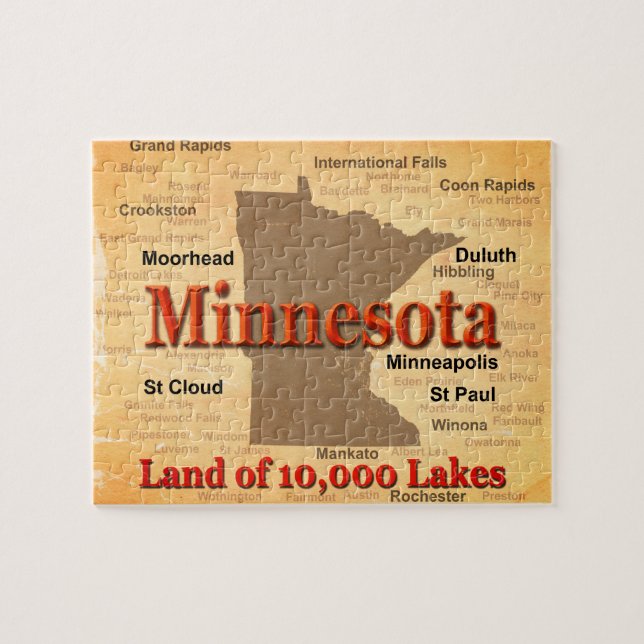 Puzzle Mapa del orgullo del estado de Minnesota (Horizontal)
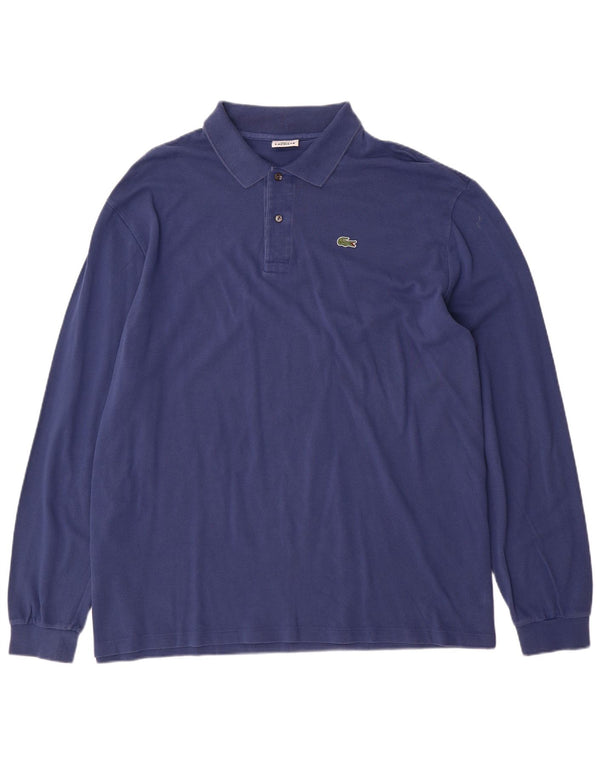 Lacoste Mens Long Sleeve Polo Shirt Size 9 4XL Navy Blue Cotton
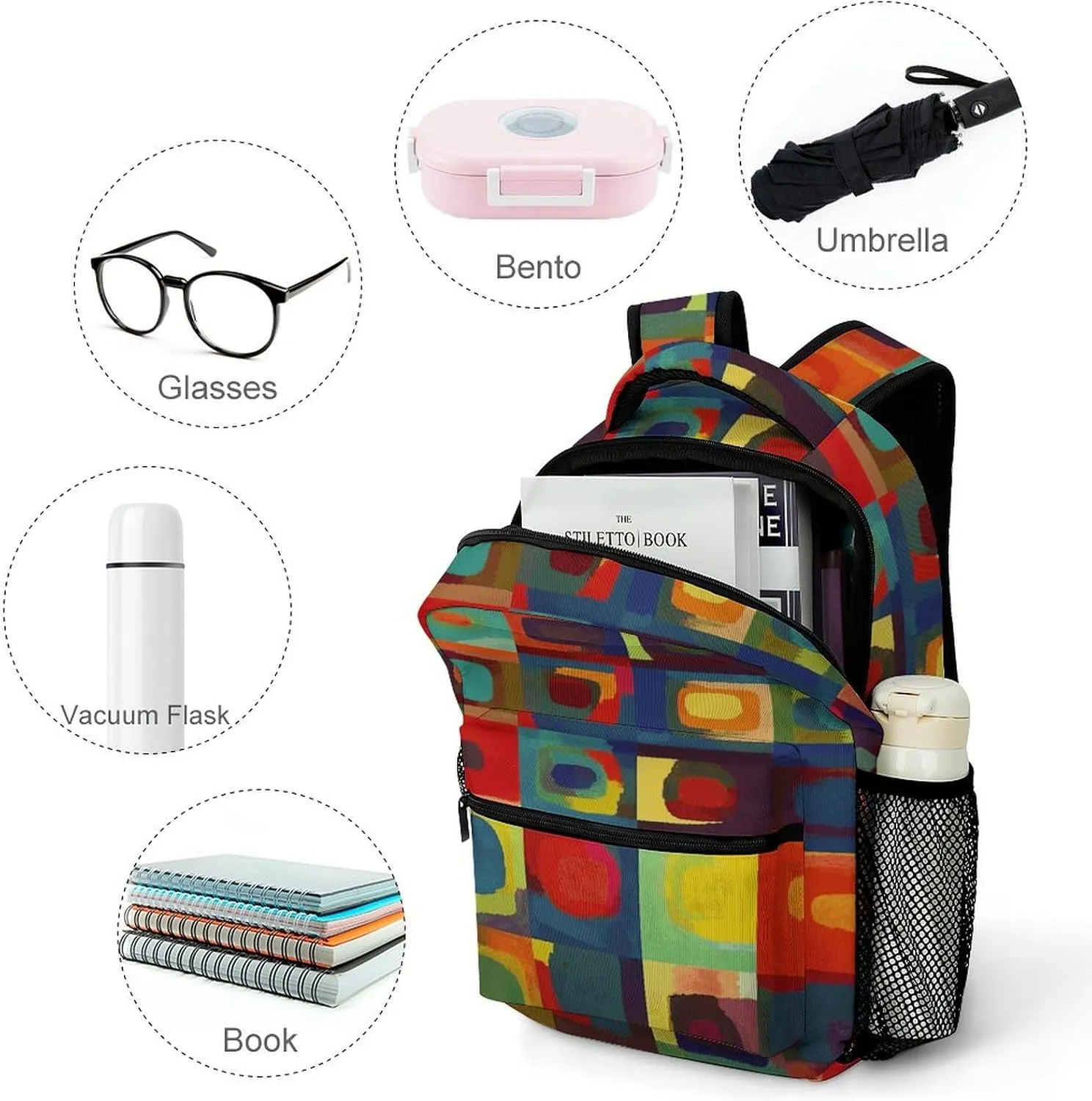 Small Backpacks Personalized Abstract Art Squares Printing Travel Bag Lightweight Travel Backpack For Women Men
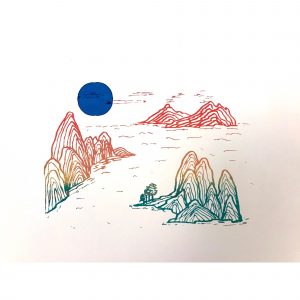 Серия «Порталы» цветное синие солнце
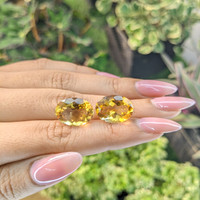 16.62 Ct.Tw.Total Carat Weight Citrine Pair from Brazil Life Style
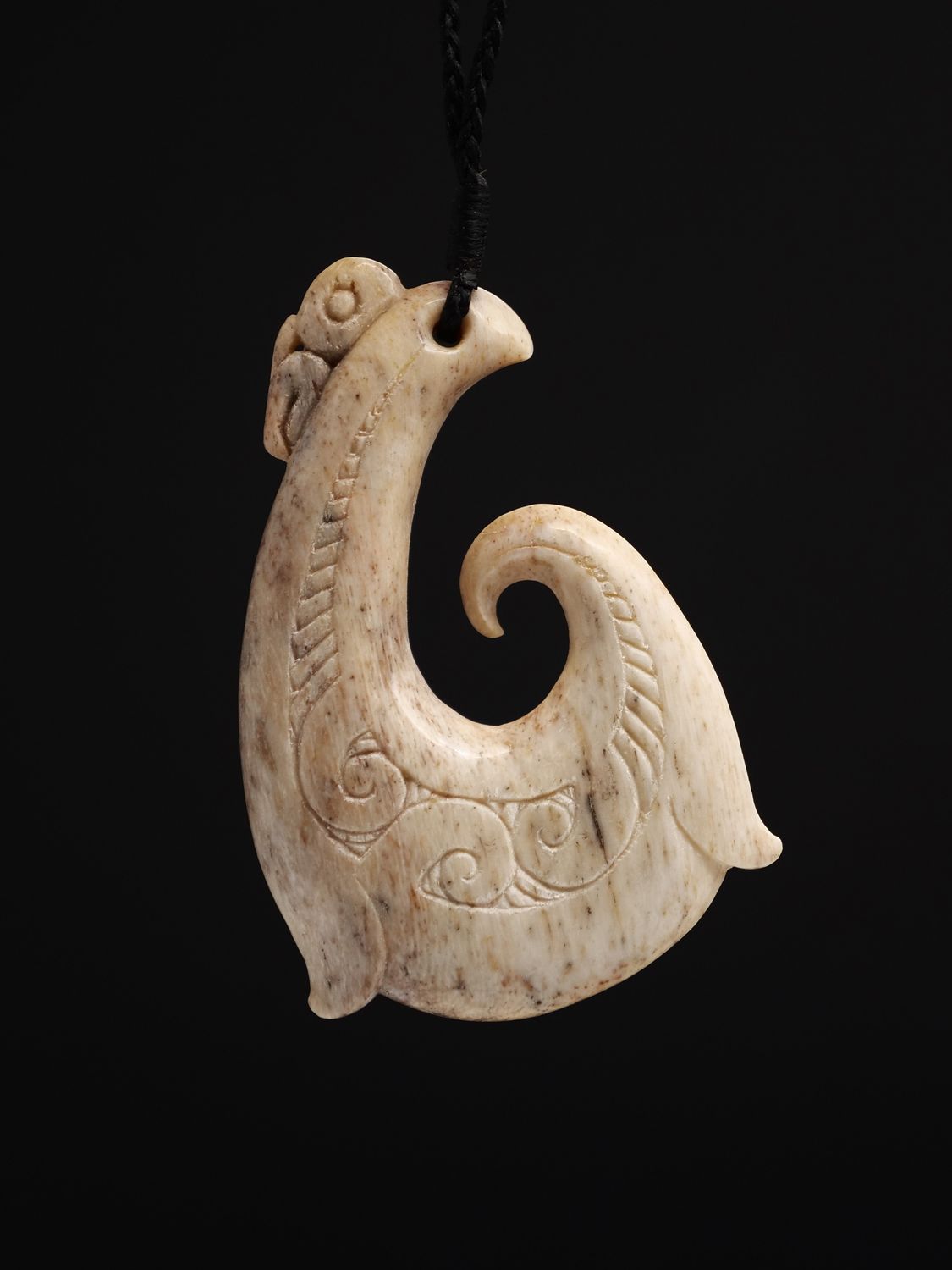 Moko Pounamu Hei Matau Koru Genuine Whale Bone Carving - Toko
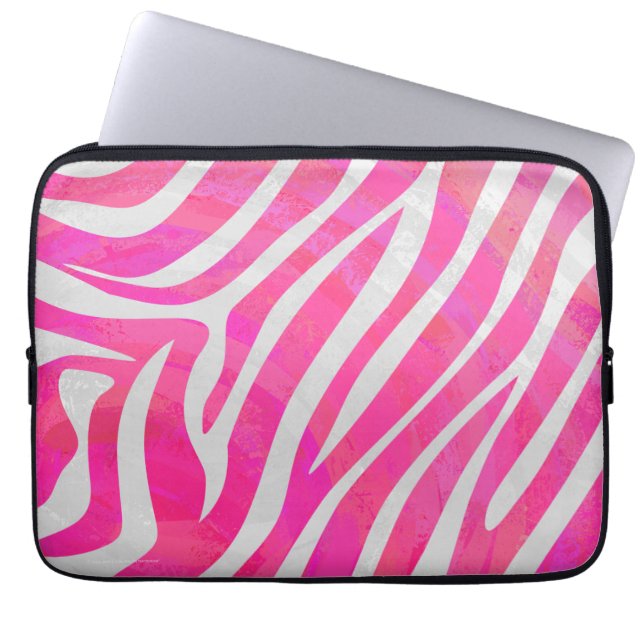 Zebra Shock rosa och vit utskrift Laptop Sleeve (Framsidan)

+ + + +

### WHAT YOU ARE ASKED TO DO
Repeat each line of the records exactly. Do not include the pictures.

### REPLY TO THE TASK
 Puzzle Mapa del orgullo del estado de Minnesota (Horizontal)
 Lacoste Mens Long Sleeve Polo Shirt Size 9 4XL Navy Blue Cotton
 Small Backpacks Personalized Abstract Art Squares Printing Travel Bag Lightweight Travel Backpack For Women Men
 Серия «Порталы» цветное синие солнце
 16.62 Ct.Tw.Total Carat Weight Citrine Pair from Brazil Life Style
 Moko Pounamu Hei Matau Koru Genuine Whale Bone Carving - Toko
 Zebra Shock rosa och vit utskrift Laptop Sleeve (Framsidan)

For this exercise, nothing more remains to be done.